Your goal: When you transcribe the data below, reproduce every line exactly and leave each picture out.

Entries taken from a collection
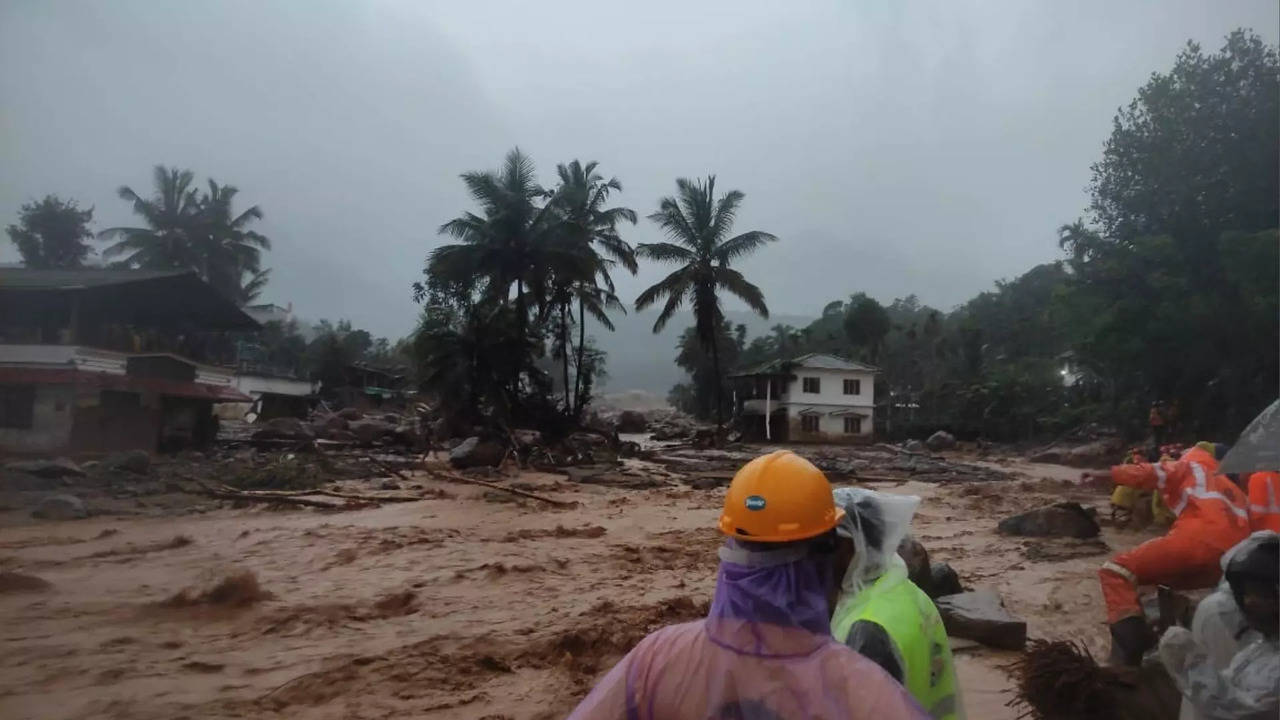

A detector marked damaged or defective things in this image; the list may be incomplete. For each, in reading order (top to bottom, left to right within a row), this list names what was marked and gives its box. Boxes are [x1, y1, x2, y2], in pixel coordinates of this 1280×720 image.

damaged building [0, 270, 260, 456]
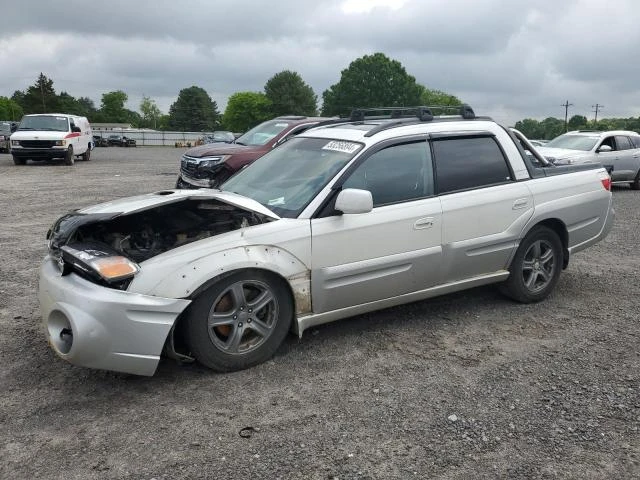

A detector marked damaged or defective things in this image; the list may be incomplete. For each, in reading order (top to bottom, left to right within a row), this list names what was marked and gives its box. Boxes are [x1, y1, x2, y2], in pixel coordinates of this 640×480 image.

crumpled bumper [38, 256, 190, 376]
damaged white car [40, 105, 616, 376]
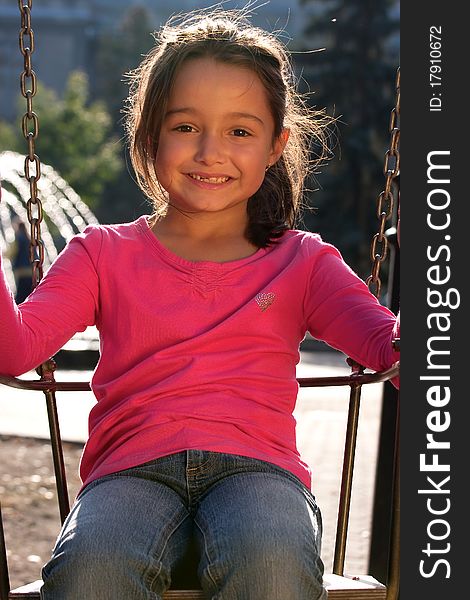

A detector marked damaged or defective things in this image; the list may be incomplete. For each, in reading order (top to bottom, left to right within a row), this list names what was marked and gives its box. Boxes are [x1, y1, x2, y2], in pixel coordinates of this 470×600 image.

rusty chain link [18, 0, 44, 288]
rusty chain link [368, 67, 400, 298]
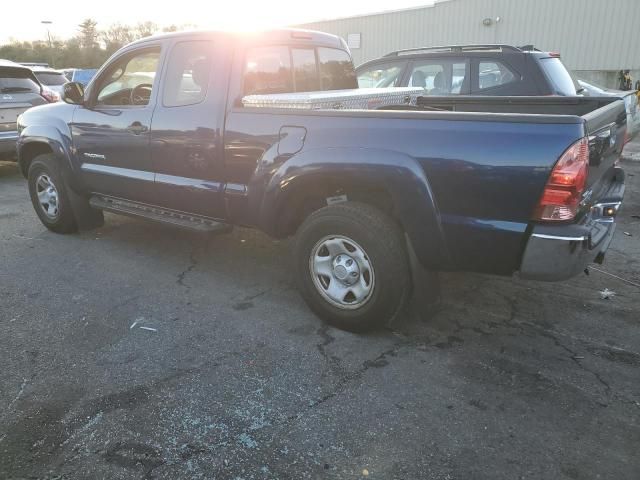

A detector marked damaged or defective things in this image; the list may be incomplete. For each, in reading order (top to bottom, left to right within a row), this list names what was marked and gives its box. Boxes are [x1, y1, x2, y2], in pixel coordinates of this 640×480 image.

cracked asphalt [1, 158, 640, 480]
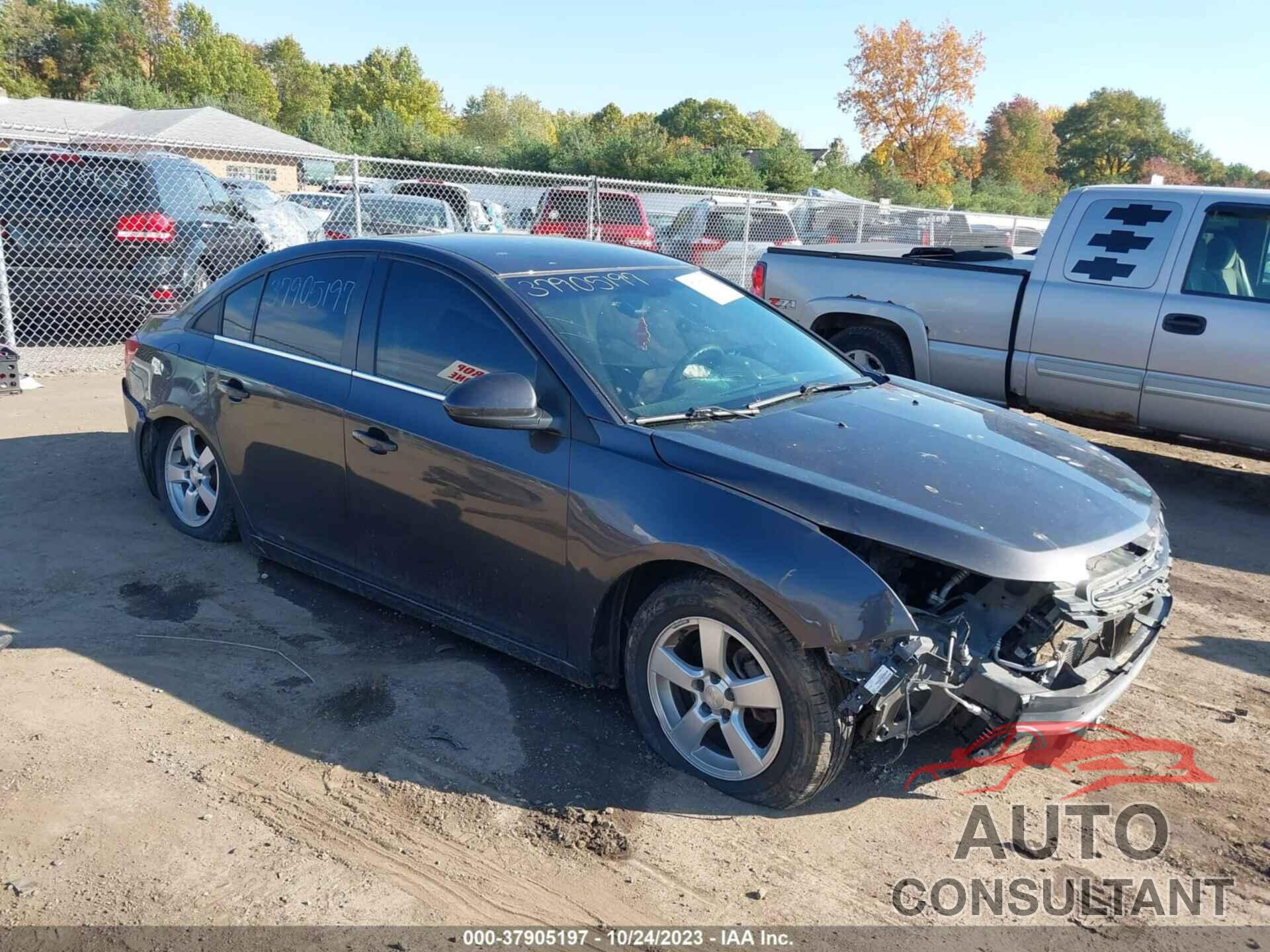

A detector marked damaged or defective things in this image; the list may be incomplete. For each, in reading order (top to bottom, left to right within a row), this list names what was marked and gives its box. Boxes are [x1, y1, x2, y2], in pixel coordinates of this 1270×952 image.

damaged gray sedan [121, 235, 1168, 807]
damaged front end [823, 518, 1168, 751]
crushed front bumper [954, 594, 1168, 726]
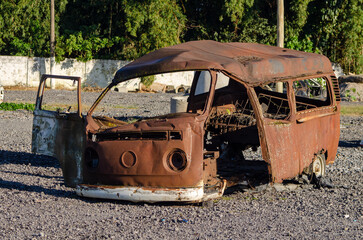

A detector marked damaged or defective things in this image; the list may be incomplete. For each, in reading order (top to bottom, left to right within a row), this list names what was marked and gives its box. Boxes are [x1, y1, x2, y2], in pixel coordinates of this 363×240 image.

rusted vw van [31, 40, 342, 202]
abandoned vehicle [32, 40, 342, 202]
broken window [256, 82, 290, 120]
broken window [294, 77, 332, 111]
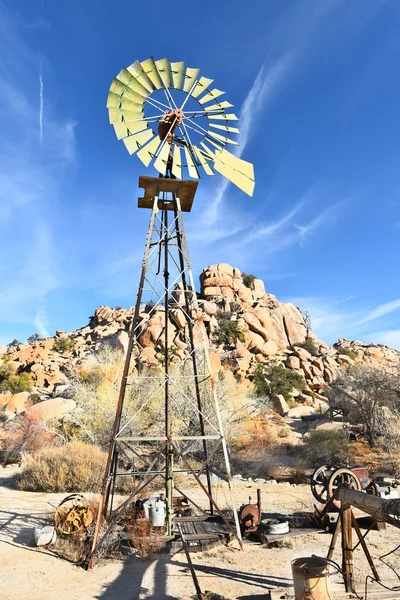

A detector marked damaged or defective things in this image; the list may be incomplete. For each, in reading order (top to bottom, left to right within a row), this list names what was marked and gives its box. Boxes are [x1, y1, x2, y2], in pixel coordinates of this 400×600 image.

rusty windmill tower [88, 57, 256, 568]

The completed task:
A detector marked damaged or defective things in this image; the list may be incomplete. For each, in reading order (top to bottom, left to right within a row), this list names what was marked and gives its box. Boxes are [x1, y1, x2, y2], in pixel coordinates of this 1280×720 image.

damaged building [0, 270, 260, 456]

A detector marked damaged or defective things in this image; the list may be incomplete. For each, in reading order (top to bottom, left to right within a row), this list names what was marked and gives its box. Boxes are [x1, y1, x2, y2], in pixel coordinates of this 640×480 image.

crumpled bumper [38, 256, 190, 376]
damaged white car [40, 105, 616, 376]

A detector marked damaged or defective things in this image; the list may be incomplete. For each, in reading order (top to bottom, left to right within a row), this list names what was marked and gives its box. Boxes are [x1, y1, x2, y2], in pixel coordinates of this 470×600 image.

rusty chain link [18, 0, 44, 288]
rusty chain link [368, 67, 400, 298]

A detector marked damaged or defective things in this image; the list may be incomplete. For each, in reading order (top to bottom, left to right within a row), this list names what was marked and gives its box. Boxes are [x1, y1, x2, y2], in pixel coordinates of this 640×480 image.

cracked asphalt [1, 158, 640, 480]

A detector marked damaged or defective things in this image; the list may be incomplete. For each, in reading order (top to bottom, left to right within a row), this list names what was marked and gives its box. Boxes are [x1, y1, x2, y2], in pixel coordinates of this 1270×952 image.

damaged gray sedan [121, 235, 1168, 807]
damaged front end [823, 518, 1168, 751]
crushed front bumper [954, 594, 1168, 726]

A detector marked damaged or defective things in this image; the list may be incomplete. For each, in reading order (top to bottom, left to right within a row), this list names what was marked and gives its box. Boxes are [x1, y1, x2, y2], in pixel coordinates of this 363×240 image.

rusted vw van [31, 40, 342, 202]
abandoned vehicle [32, 40, 342, 202]
broken window [256, 82, 290, 120]
broken window [294, 77, 332, 111]

A detector marked damaged or defective things in this image; the list may be incomplete. For each, in reading order (top to bottom, left to right within a row), this list names what was marked and gives its box. Boxes are [x1, y1, x2, y2], in pixel coordinates of this 400×600 image.

rusty windmill tower [88, 57, 256, 568]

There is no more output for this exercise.